— Records for this task —
--*--

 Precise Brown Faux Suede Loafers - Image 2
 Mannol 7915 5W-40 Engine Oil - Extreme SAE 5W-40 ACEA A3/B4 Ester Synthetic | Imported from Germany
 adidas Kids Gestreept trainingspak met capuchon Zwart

--*--

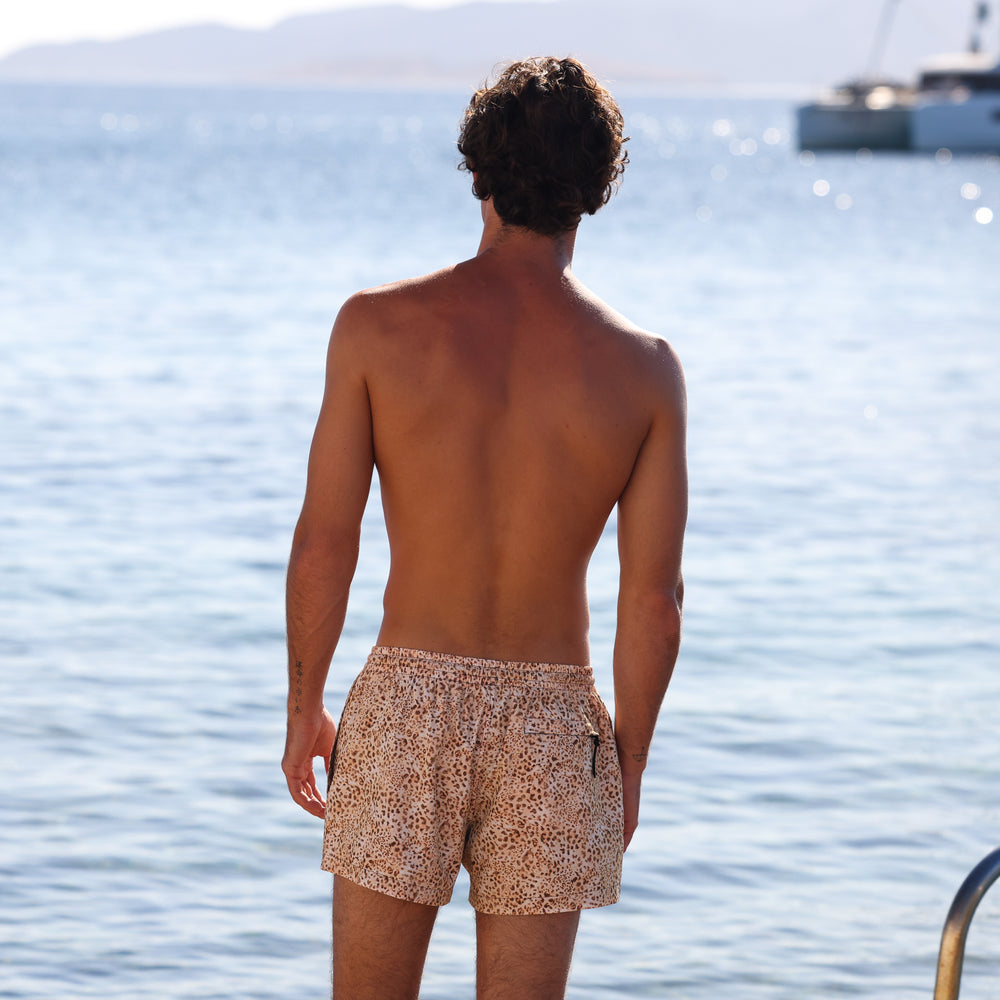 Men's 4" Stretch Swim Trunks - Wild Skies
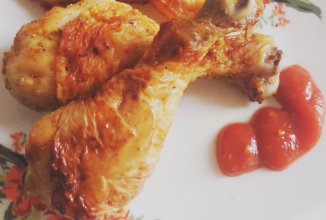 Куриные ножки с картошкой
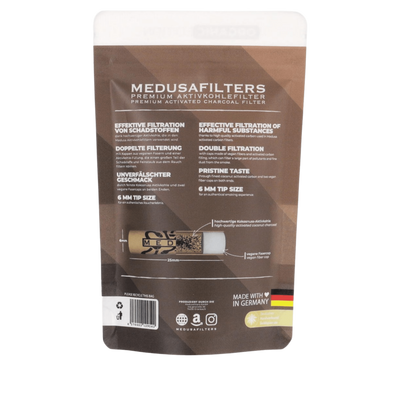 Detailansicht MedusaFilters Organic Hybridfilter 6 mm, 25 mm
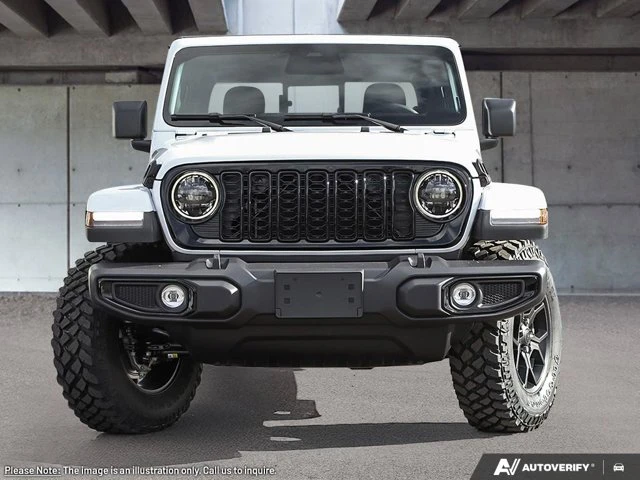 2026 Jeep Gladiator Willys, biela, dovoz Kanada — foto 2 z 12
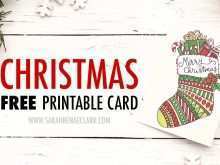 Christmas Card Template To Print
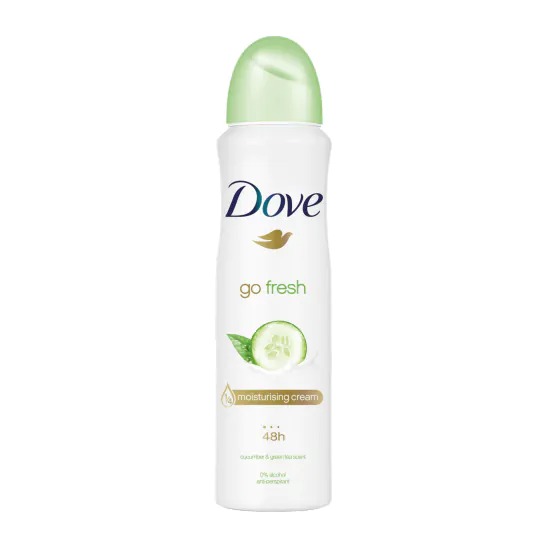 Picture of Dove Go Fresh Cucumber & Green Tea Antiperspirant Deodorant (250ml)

--*--

— Exercise —
Each line above that falls between the line with "- Wild Skies" and the line with "Picture of Dove" should be printed exactly, together with those two lines, but the pictures should not.

— Response —
 Men's 4" Stretch Swim Trunks - Wild Skies
 Куриные ножки с картошкой
 Detailansicht MedusaFilters Organic Hybridfilter 6 mm, 25 mm
 2026 Jeep Gladiator Willys, biela, dovoz Kanada — foto 2 z 12
 Christmas Card Template To Print
 Picture of Dove Go Fresh Cucumber & Green Tea Antiperspirant Deodorant (250ml)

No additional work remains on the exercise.